Start of Block
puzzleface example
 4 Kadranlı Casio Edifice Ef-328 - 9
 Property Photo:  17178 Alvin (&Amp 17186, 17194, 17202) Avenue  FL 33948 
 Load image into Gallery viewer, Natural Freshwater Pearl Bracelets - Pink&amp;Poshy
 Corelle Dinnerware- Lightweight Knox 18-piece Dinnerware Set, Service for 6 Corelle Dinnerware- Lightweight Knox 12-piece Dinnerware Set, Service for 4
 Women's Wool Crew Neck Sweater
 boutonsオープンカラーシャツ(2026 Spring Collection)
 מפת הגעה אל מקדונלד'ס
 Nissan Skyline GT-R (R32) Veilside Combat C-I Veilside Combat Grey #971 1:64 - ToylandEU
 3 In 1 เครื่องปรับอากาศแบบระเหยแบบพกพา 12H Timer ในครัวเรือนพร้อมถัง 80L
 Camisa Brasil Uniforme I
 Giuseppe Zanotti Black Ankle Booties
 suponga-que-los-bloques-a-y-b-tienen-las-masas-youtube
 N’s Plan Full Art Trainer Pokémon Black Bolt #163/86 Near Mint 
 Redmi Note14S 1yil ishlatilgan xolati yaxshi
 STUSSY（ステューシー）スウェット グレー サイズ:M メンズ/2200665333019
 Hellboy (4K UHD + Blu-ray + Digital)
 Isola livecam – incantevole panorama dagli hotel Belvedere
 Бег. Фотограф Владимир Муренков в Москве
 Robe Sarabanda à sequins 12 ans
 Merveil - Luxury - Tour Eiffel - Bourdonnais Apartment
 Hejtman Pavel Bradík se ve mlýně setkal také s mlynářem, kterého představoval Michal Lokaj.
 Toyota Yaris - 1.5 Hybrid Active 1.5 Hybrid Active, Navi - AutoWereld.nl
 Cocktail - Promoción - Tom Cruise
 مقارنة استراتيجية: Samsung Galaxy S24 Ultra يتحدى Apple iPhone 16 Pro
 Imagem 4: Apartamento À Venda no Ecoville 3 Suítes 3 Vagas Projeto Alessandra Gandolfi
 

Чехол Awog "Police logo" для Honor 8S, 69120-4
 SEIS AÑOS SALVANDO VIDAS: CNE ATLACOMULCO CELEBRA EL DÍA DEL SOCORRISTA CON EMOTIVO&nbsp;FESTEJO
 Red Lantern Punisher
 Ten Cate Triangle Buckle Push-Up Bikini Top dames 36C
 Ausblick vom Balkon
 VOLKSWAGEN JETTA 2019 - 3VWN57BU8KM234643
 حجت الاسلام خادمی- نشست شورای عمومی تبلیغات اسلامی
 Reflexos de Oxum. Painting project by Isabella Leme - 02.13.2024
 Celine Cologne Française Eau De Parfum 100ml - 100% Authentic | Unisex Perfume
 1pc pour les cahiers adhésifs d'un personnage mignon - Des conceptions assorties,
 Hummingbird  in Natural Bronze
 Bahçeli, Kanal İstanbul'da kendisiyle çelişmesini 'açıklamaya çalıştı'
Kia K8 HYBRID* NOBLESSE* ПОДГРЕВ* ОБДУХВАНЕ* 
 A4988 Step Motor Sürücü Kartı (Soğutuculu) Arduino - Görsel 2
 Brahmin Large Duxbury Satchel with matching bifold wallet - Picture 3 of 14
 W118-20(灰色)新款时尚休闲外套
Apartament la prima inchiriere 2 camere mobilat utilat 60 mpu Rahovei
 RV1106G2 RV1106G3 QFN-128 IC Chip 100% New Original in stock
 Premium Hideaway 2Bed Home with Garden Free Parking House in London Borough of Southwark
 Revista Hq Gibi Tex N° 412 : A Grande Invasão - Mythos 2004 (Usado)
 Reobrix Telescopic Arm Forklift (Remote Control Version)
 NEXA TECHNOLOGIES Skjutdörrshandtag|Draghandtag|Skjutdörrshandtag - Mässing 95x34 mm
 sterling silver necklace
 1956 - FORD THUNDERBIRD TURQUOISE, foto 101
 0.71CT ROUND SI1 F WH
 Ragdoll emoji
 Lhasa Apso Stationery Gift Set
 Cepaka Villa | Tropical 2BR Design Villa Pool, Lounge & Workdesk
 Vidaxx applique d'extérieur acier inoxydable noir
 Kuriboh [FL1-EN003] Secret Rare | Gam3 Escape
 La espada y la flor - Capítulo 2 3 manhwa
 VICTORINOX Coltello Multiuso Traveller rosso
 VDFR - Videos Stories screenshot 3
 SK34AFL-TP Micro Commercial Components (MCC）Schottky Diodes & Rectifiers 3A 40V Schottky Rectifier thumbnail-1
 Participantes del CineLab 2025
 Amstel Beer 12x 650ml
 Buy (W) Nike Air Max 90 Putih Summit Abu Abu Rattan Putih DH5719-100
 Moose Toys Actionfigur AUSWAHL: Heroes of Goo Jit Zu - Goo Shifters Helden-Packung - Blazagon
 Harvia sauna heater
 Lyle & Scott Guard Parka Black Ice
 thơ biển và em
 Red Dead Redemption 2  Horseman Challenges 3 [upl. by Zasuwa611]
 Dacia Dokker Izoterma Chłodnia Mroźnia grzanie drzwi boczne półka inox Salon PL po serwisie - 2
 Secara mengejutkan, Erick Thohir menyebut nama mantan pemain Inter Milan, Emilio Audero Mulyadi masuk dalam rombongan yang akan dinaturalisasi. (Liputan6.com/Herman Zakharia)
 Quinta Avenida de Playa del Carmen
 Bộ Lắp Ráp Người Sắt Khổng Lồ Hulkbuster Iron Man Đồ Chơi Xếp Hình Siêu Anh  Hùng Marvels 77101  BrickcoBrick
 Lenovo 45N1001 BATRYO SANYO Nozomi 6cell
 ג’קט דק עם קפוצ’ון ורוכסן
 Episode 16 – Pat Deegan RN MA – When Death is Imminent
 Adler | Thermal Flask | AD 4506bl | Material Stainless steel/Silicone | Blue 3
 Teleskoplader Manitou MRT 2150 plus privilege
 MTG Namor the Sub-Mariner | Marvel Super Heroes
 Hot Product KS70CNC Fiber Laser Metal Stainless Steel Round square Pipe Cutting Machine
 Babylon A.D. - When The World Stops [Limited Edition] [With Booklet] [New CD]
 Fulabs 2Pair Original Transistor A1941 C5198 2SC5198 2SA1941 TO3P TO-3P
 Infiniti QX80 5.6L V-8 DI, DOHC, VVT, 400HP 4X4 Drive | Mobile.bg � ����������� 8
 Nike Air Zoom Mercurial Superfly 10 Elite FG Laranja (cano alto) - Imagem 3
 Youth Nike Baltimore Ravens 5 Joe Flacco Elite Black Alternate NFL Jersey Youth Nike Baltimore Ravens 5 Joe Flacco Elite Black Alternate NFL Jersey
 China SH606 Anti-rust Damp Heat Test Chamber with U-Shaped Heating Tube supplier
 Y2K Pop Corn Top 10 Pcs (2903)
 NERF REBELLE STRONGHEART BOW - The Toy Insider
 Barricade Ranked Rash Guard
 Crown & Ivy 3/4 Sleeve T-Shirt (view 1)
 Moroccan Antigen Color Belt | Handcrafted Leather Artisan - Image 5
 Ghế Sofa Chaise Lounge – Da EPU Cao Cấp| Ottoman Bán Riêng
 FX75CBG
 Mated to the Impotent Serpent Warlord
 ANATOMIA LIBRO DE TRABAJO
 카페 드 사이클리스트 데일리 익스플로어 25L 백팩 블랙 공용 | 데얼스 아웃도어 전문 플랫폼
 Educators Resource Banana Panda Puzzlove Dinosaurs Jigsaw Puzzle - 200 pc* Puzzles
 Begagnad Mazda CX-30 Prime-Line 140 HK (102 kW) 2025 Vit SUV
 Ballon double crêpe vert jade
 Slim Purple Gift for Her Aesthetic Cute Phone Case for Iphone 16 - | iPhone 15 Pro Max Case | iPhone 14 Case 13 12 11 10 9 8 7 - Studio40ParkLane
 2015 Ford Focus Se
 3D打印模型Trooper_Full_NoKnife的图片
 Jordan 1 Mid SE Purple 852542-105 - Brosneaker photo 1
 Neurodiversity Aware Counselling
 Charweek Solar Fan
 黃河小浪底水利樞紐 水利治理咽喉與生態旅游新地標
End of Block
WHAT IS EXPECTED:
Within the listing, how many lines hold "Elite"? Write only that number.

REPLY TO THE EXERCISE:
2